Neither Tintori nor the children she has with López were in the house at the time, as they had traveled to the United States for an extracurricular field trip the children had. López’s lawyer, Juan Gutierrez, confirmed at 4 AM that the political leader had been taken to the Ramo Verde prison, where he was arrested since February 2014 until July 8, 2017, when he was granted house arrest.

Ledezma, mayor of the Venezuelan capital of Caracas’ children, also confirmed that the Sebin had taken their father. Press reported this morning that he is also being held in Ramo Verde. El Hatillo City Mayor, David Smolansky, tweeted a video where Ledezma — still in his pajamas — can be seen being dragged outside the building where he lives, while the people witnessing the event announce he’s being taken and ask for help.

“Emergency. This is how the Sebin took Ledezma. Coward dictatorship.”

López, who founded and currently leads the Voluntad Popular (Popular Will) political party, was imprisoned in February 2014 after being found guilty of instigating violence in protests against Maduro that took place during that year. In those protests, 43 people died as a result of the clashes between the two camps.

As mentioned, he was granted house arrest on July 8. Although the Maduro regime argued that he needed it for health reasons, the move was perceived as an attempt to calm the incessant protests that have been taking place in Venezuela since April.

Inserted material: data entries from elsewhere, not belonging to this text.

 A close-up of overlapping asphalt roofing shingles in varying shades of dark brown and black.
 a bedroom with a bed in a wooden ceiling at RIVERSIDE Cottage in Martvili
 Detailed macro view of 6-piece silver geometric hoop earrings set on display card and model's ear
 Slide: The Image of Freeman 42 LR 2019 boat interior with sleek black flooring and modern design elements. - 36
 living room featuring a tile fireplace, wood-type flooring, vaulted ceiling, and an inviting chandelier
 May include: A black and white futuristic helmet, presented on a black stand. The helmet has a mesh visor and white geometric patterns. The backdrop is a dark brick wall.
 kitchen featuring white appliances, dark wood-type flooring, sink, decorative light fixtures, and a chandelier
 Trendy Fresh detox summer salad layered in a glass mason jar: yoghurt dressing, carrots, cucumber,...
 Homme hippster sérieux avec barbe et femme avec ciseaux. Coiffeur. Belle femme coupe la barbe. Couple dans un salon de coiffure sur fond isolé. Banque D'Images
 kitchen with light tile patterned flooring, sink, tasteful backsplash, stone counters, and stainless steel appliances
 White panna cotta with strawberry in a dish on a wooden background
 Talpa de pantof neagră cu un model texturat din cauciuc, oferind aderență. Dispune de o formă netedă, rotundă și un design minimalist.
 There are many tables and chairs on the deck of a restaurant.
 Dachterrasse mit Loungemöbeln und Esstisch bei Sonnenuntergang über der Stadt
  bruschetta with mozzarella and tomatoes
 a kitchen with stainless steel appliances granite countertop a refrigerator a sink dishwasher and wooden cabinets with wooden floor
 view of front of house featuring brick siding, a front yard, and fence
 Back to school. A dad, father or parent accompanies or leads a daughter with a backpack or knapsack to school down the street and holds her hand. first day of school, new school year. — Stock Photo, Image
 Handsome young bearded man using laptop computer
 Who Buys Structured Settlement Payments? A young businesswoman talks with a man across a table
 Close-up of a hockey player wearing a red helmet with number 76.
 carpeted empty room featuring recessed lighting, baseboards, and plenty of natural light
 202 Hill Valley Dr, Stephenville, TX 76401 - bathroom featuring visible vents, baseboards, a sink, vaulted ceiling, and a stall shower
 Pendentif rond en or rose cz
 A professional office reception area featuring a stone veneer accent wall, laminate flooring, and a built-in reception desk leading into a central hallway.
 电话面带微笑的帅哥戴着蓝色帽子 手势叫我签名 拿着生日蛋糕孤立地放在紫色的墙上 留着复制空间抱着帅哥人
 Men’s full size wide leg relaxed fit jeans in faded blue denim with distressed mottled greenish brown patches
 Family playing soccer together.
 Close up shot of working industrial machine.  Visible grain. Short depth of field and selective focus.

On his end 62-year-old Ledezma was arrested in February 2015, accused of conspiracy and association to commit crimes. Three months later he got house arrest, also for health reasons, after getting a hernia removed.

These detentions come less than two full days after the government held elections to choose a Constitutional Assembly tasked with reforming the Venezuelan Constitution that late President Hugo Chávez promoted in 1999. The opposition considers that the Assembly is illegitimate and a desperate move by Maduro to cling to power.

The 545 members of the Assembly are set to meet in the coming days — according to the law it should be on August 3rd, but government representatives said it could be earlier — to begin drafting a new Constitution that would replace the one promoted by late President Hugo Chávez in 1999. The Assembly will be able to reform the country’s institutions at will and session for a period of time set by its own members.

The body, which will wield more power than the parliament and even the president himself, will also be able to postpone this year’s regional and municipal elections and next year’s presidential elections. Opposition leaders assure this is one of the Assembly’s main goals, as it allows Maduro to stay in an office they claim he would lose should the elections be held.

The Assembly is set to session permanently in the oval room of the legislative palace, right across from the National Assembly (the parliament), where the opposition holds a majority. Since the opposition considers the Assembly to be less than legitimate, the palace is likely to become a legal – and probably verbal – battlefield. In fact, head of the National Assembly Julio Borges anticipated that the body he leads will not leave the palace to avoid clashing with the other Assembly.